Researchers at Berkeley’s International Science Institute have found that by capturing an infected bot and analyzing the template it uses to blast out its infernal payload, they can accurately predict and filter out the kinds of spam messages that botnets will send out — all without accidentally capturing legitimate e-mail.

According to New Scientist, a round of analysis was sufficient to achieve 100% accuracy in blocking all spam from a bot network:

To test their idea, the team installed a previously captured software bot onto a machine. After analysing 1000 emails generated by this compromised machine – less than 10 minutes’ work for most bots – the researchers were able to reverse-engineer the template. Knowledge of that template then enabled filters to block further spam from that bot with 100 per cent accuracy.

High accuracy can be achieved by existing spam filters, but sometimes at the cost of blocking legitimate mail.
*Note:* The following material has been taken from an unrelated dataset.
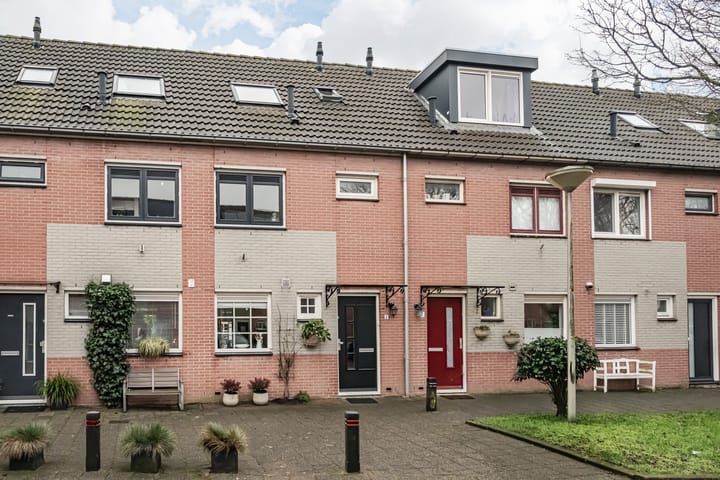 Wilhelmina Druckerstraat 5 dans Velserbroek photo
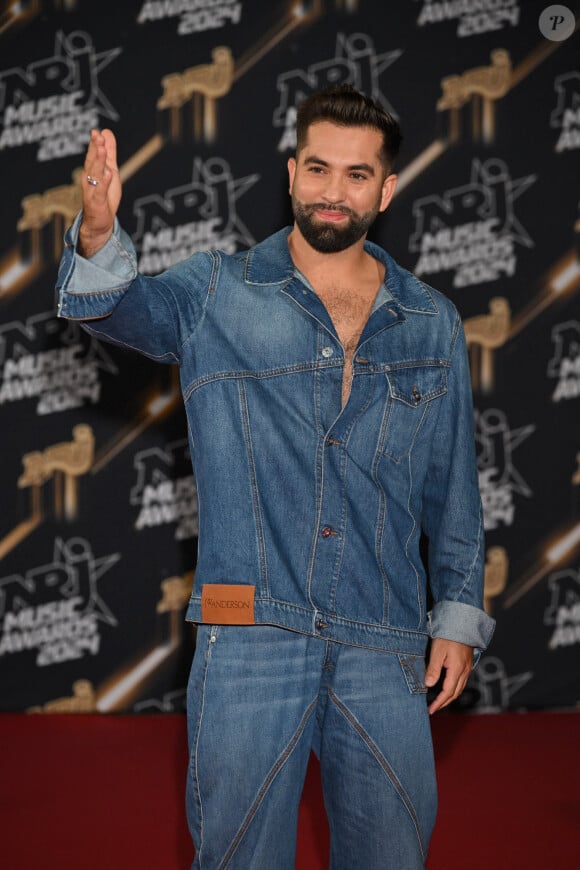 Kendji Girac - Photocall de la 26ème édition des NRJ Music Awards au palais des festivals de Cannes, le 1er novembre 2024. © Bebert / Guignebourg / Bestimage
The new system did not produce a single false positive when tested against more than a million genuine messages, says Andreas Pitsillidis, one of the team: “The biggest advantage is this false positive rate.”

Two caveats: one, this method is still in the ‘academia’ phase of development; two, knowing all of the possible spam iterations that one botnet can spit out is no guarantee of stopping other, differently configured spambots. But unless you’re friends with a lot of rich widows who need your help cashing checks for EIGHT MILLION EUROS (€8 MILLION), an application of this method may help you filter junk from legitimate email some time down the road.